BUT, then my camera decided that he needed to be replaced too.   My little old pocket Canon just wasn't able to do decent quilt shots.  Again, I went to my huge file of helpful hints on buying cameras, and after a good amount of discussion with the savvy saleslady at Penn Camera, I came home with my new Canon PowerShot G12.  I'm in love!  Unfortunately, I can't show you a photo of it, because....well.... you get it.

Now seriously, THIS has been my biggest problem:

width = 56", height from 33" to 17.5"

It's my "Fence" quilt.  Yes, it IS a quilt. From a previous posting, you'll see it was drawn on a big sheet of white fabric.  Then each twig or post was constructed with raw-edge applique (you can see that phase most easily, perhaps, on the tallest post which has several fabrics giving it dimension and the knots were added as well).  The piece uses dozens of different brown fabrics, shading from lightest to darkest  to indicate distance.  The entire sheet was then backed with Shirt-Tailor by Pellon to give it body (and three layers).  At that point, I did a heavy zig-zag in black around each and every twig, and then quilted each piece in a pattern that seemed to fit the fabric it was made of.  Finally, I took a very wide, beveled black market and colored a dense half-inch or so around every piece.  Then I cut out the fence.  It looks terrific in person, and what I especially like is the pattern of shadows created in the negative spaces behind the fence when it's just a bit off the design wall.
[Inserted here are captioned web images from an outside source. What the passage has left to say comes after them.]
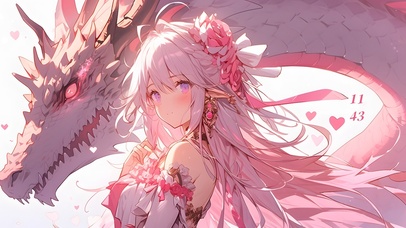 粉嘟嘟龙龙少女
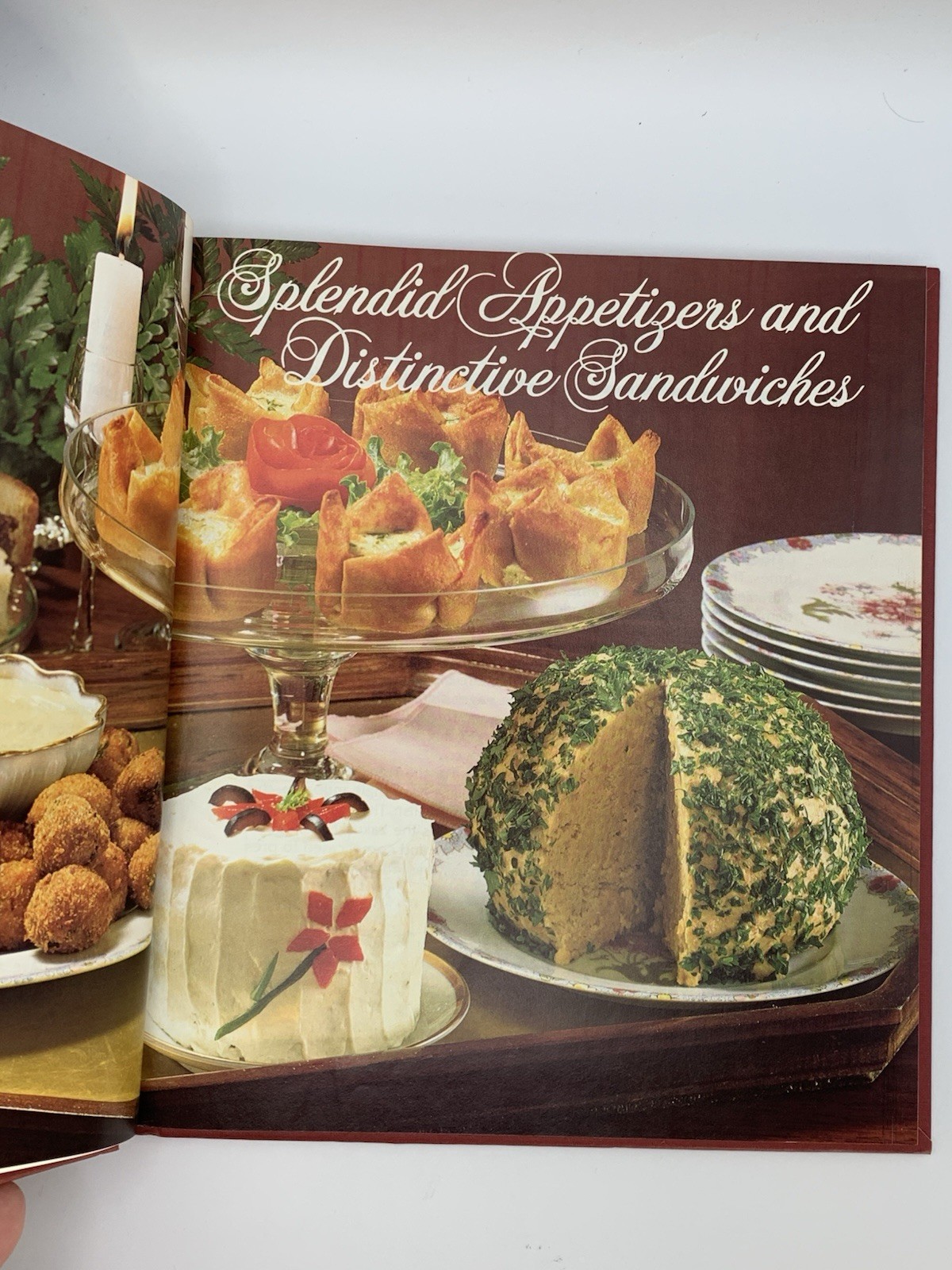 The Creative Cook 1978 Campbell Soup Co. Hard Cover 172 Pages
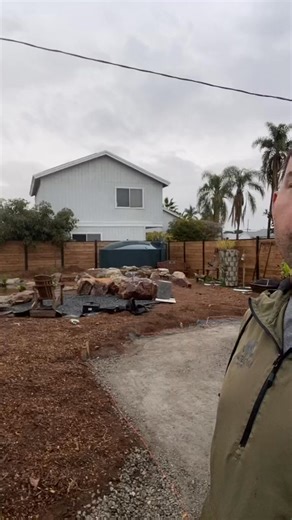 2K views · 18 reactions | How I capture thousands of gallons of rain water #plants #howto #gardening #garden | The Gardening Guru | Facebook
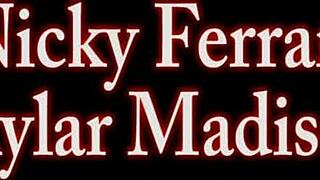 Miss Raquel Pleasures Ariel Blue In Lingerie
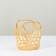 Wicker basket, 16x13x8/16, bamboo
The problem is that all my semi-formed ideas on how to hang this open-work piece have flopped.  More correctly, the piece was floppy.  So then I traced each twig to get a template, and cut out those shapes from the stiffest interfacing I could find, and stitched them on individually, thinking that the piece could still be rolled or folded if it were to be accepted into a quilt show.  Well, stiffening it helped, but I thought the upright posts needed to be more sturdy.  So I attached velcro to the back of these and cut 1/2" thick black foamcore and velcro'd them together.  Feh.  The velcro stuck together, but didn't stay attached to either surface.

And what quilt show would take a piece like this with NO SLEEVE?  Sigh.

I'll probably have to mount it on a fabric quilt WITH a sleeve.  But if you have any suggestions for keeping it as an openwork piece, I'd seriously love to hear from you!!!!